“Harry
Potter e i doni della morte Parte II”
Recensione di Carmela Fabbricatore
Capita spesso di guardare film che fanno
parte di una saga più con il cuore che con gli occhi. Ci si affeziona ai
personaggi, ai luoghi, alle storie. La suspense prende il sopravvento e le
domande chiave alla fine di ogni episodio sono “Chi vincerà?” “Come andrà a
finire?”, insieme alle ipotesi più disparate sull’esito felice o meno di
eventuali storie d’amore. Pochi essenziali elementi per creare empatia con il
pubblico, tutti generalmente ruotanti intorno ad una trama complessa ma
avvincente.
La saga è fatta così. Può suscitare un senso di indifferenza totale
nello spettatore, che si sente spesso smarrito e impassibile di fronte alla
storia. O si può venire travolti dalla sua intricata struttura, arrivando ad
amarla. E quando l’epopea si conclude, rimane un senso di nostalgia permanente,
per tutte le emozioni che quella storia ti ha fatto vivere nel corso degli
anni.
Questa settimana la parola fine è stata
usata per una delle saghe più celebri della storia del cinema e della
letteratura: Harry Potter. Sette libri e otto film, che per i primi
instancabili appassionati si traducono in più di dieci anni di sogni e avventure
fantastiche. La seconda parte di Harry
Potter e i doni della morte conclude il ciclo cinematografico delle
peripezie del mago più celebre del mondo. Il film si apre laddove l’avevamo
lasciato, la sabbiosissima spiaggia di Villa conchiglia, dove i protagonisti
hanno appena celebrato un importante e commovente funerale.
Di qui si snodano
tutte le vicende successive, con un ritmo sempre più incalzante e avvincente.

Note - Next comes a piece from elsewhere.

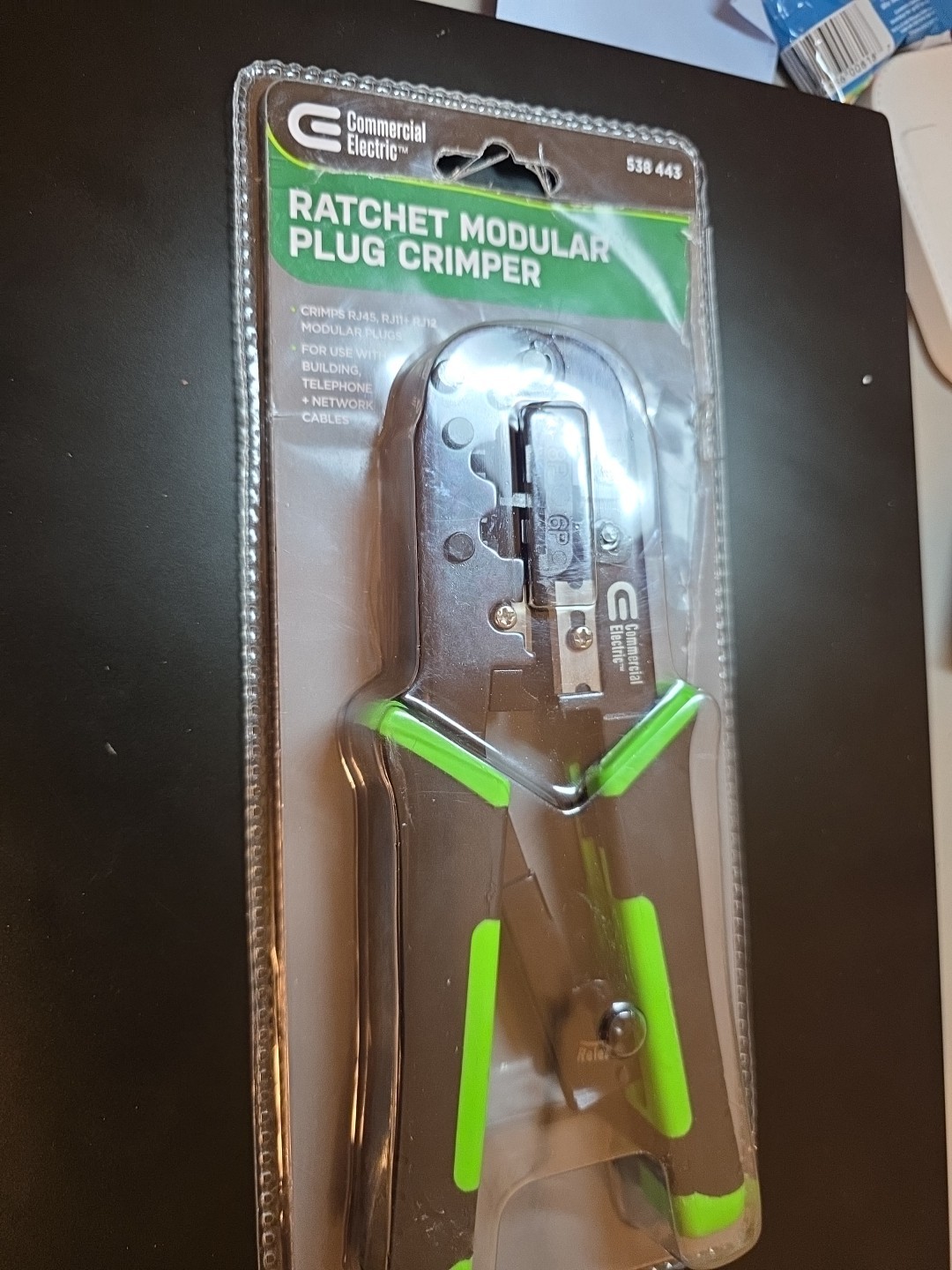 Commercial Electric Ratchet Modular Plug Crimper 538-443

Certo, gli errori e i difetti non mancano. Una narrazione macchinosa e
incompleta, un’inespressiva Emma Watson assolutamente non degna del personaggio
che interpreta, un doppiaggio forzato che non rende a pieno il potenziale
recitativo di Daniel Radcliffe, ma soprattutto, la presenza di adattamenti nei
dialoghi e nei dettagli, fatti spudoratamente per accattivare l’attenzione del
“pubblico di massa” e che sacrificano l’anima della storia. Primo tempo non
degno di nota. Errori e dimenticanze permangono anche nel secondo tempo. Scene
epiche di battaglia costruite con quel tipico retrogusto hollywoodiano, capace
di spostare l’attenzione dal messaggio all’azione fine a se stessa. Tuttavia,
appena in sala si spengono le luci dell’intervallo, “l’effetto saga” prende il
sopravvento.
E nonostante tutte le grossolanità evidenti, scorrono le lacrime.

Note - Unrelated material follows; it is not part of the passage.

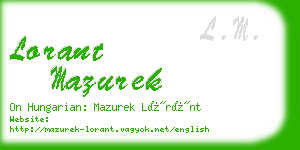 lorant mazurek business card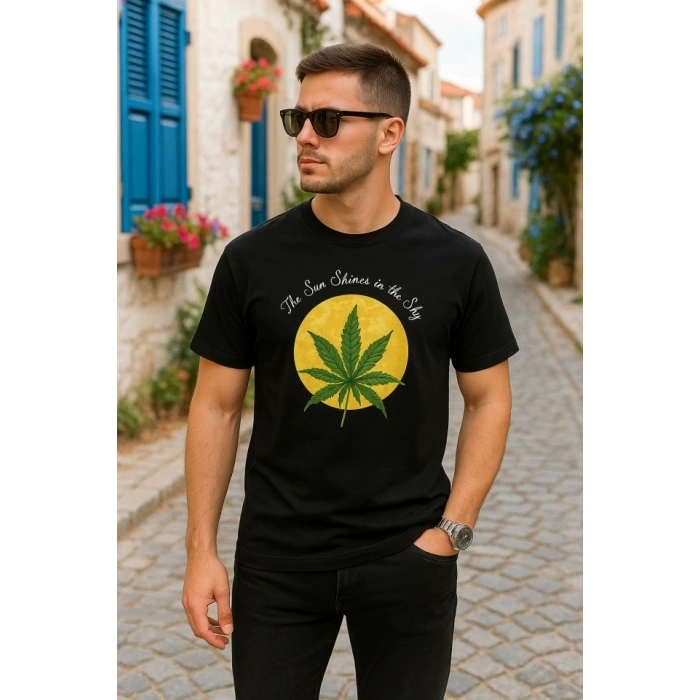 Biçomi Ön Ve Arka Baskılı Oversize Bisiklet Yaka T-shirt- Siyah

A fiumi. Perché le apparenze ingannano. E quando si scopre che i cattivi non
sono cattivi, che tutto è mosso da un amore puro e supremo, non si può non
abbattere il muro dell’indifferenza e scoppiare in un pianto liberatorio. Merito
anche di una squadra di attori di
vecchia scuola che fanno la differenza. Maggie Smith nei panni della
professoressa McGrannitt, una spanna sopra gli altri, capace di emozionare
anche se ha poche fondamentali battute, grazie ai suoi forti sguardi e alle sue
movenze ponderate. Alan Rickman integerrimo nel suo ruolo di cattivo non
cattivo. Gary Oldman (Sirius Black) che
ti abbatte con uno sguardo da comparsa e Ralph Fiennes (Voldemort), capace di
farsi odiare alla follia anche se lo hai terribilmente amato quando era solo un
paziente inglese. Stesso discorso per la malefica Hélèna Bonham Carter
(Bellatrix Lestrange), trasformista come poche della sua generazione.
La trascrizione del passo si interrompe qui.